Parenting is like the stock market. You invest a lot with very little return sometimes. When you do hit, however, you hit big with greater returns that you'd hoped for.--Mamma

Tuesday, September 28, 2010

What did I sign up for, here?

I don't know why I was so delusional all those years ago when I thought I could master being a Mother late in life, or at least muster the energy to do so. Having just celebrated our third Family Day with Pumpkin, it's getting harder and harder to make it.

I've got an energetic four-year-old that is prone to repeating everything I tell her, ignoring everything I ask of her, stomping her feet or grunting in opposition to my requests, fighting me at every turn for the routine tasks like teeth brushing and can even emphatically tell me to leave her alone without batting an eye. Spankings, time-outs, no t.v. or computer....nothing really works to combat these issues, either. More often than not, she'll look at me mid-punishment and continue the bad behaviour at the same time. Challenging, yes. I was told once that 4 would be much worse than 3 and so far that has been the case.

On top of my demon child, I've got a husband that works long hours at his job and hasn't quite read the memo that I've sent requesting help when the sun goes down. I'm holding out hope, but so far it appears my flares burn out before reaching their target. I'm starting to think a strike is in order. A quick little walk-out that hopefully results in a negotiator, improved benefits and definite time off for good behavior, or at least hazard pay; I'll take what I can get!
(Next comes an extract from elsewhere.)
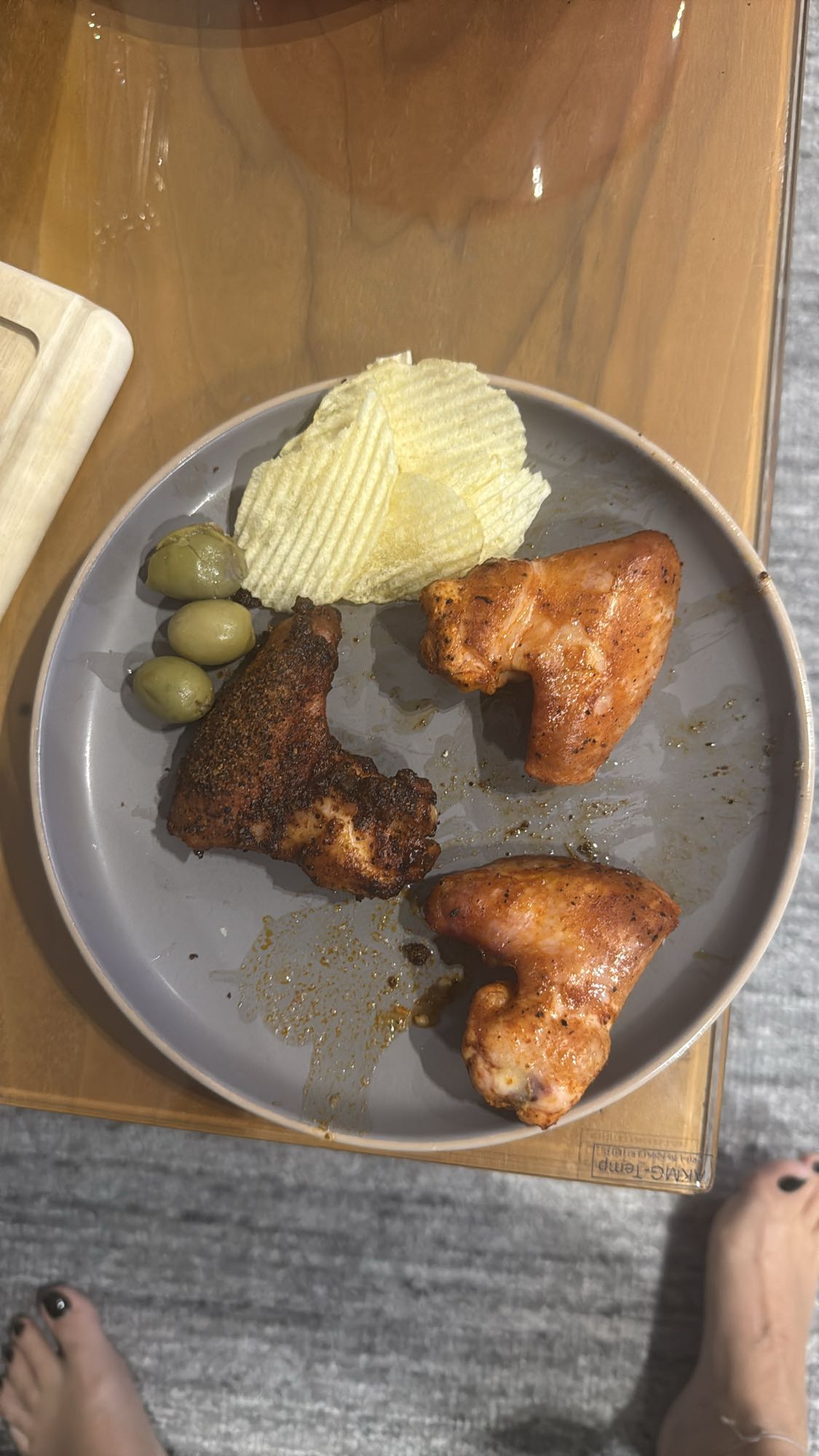 Chicken wings and chips plate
Mind you, it's not all bad. And I honestly catch myself thinking of my poor mother who had four kids in five years with none of the niceties like microwave meals, an automatic washer or dishwasher, disposable diapers, cable, movies....nothing but two breasts, a strong back, and a lot of patience. Well, she did have a big family that she could take us to for play dates. But, she still managed to self-parent (my Dad worked full-time and ran our small farm after work, not to mention the mind-set of his generation which mandated his role to wage earner) all of us. I don't know how my mother did it at all. I remember her losing patience with us and now wonder why she didn't do it more often. Or, how did she keep her sanity?
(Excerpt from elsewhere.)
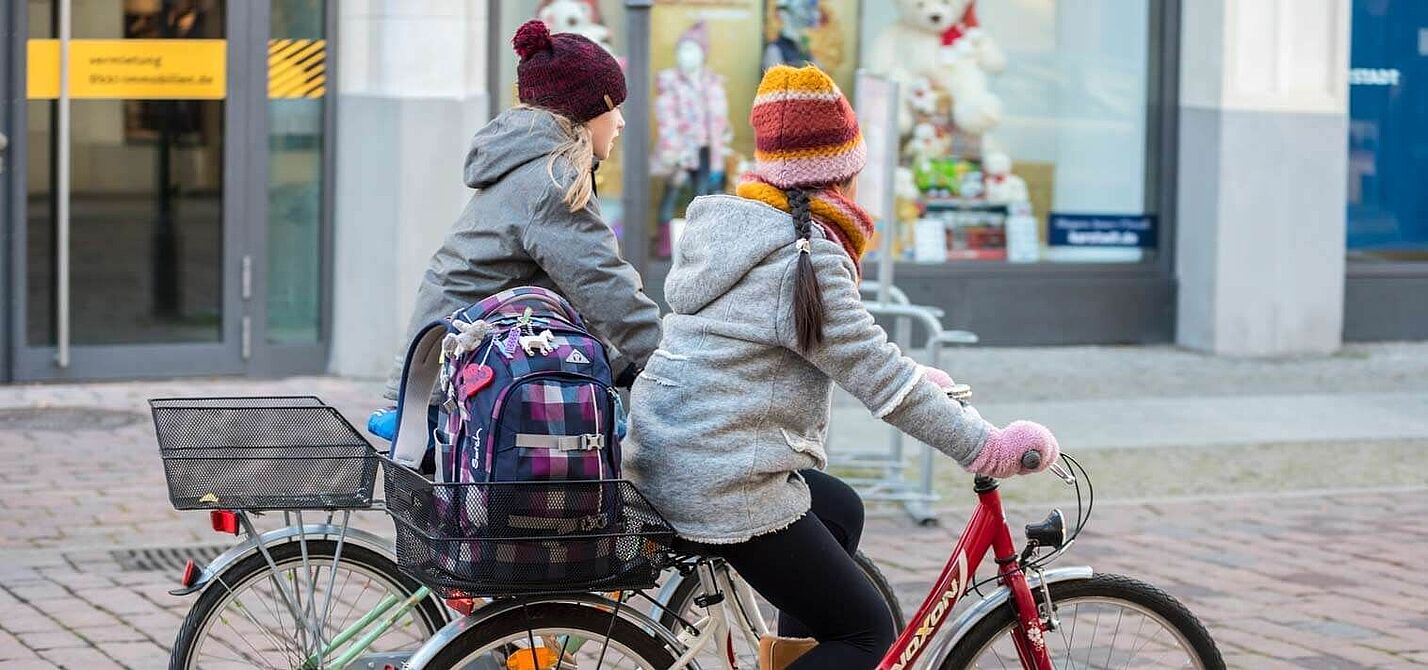 Mit dem Rad zur Schule Auf dem Schulweg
My baby is growing up so quickly that I regret that I even think of the bad times. There are so many wonderful times; conversations involving her vivid and creative imagination, hearing her use manners without being prompted, seeing her hug people so freely and lovingly, watching her learn to write a letter or word for the first time. There are many, many wonderful moments in each day I spend with my daughter. However, I would be lying if I didn't point out that Motherhood is not for the weak, impatient or naiive.
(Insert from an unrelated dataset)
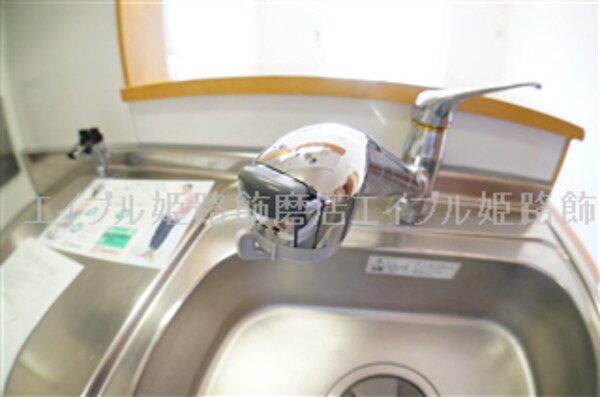 キッチン(写真は反転のお部屋です)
I used to think I had control of my life, and perhaps it is because I realize I do not that I'm somewhat frustrated. As someone who is admittedly selfish and loves her time alone, knowing that I can't just 'take five' like I used to is a bone of contention. Then again, I never had anyone tell me "I'm the greatest Mom in the whole world," either. I never knew the joy of just watching someone sleep, smile, laugh, learn...live before.

Life is about trade offs, I guess. I am a Mother and I am subject to joy, anger, frustration, amazement, love, hatred, wonderment and incomprehension. I would love to walk away some days, but deep down inside, I know I'd come running back in a heartbeat. If nothing else, I'm needed here. And, on most days, loved, too. I wouldn't trade that for anything!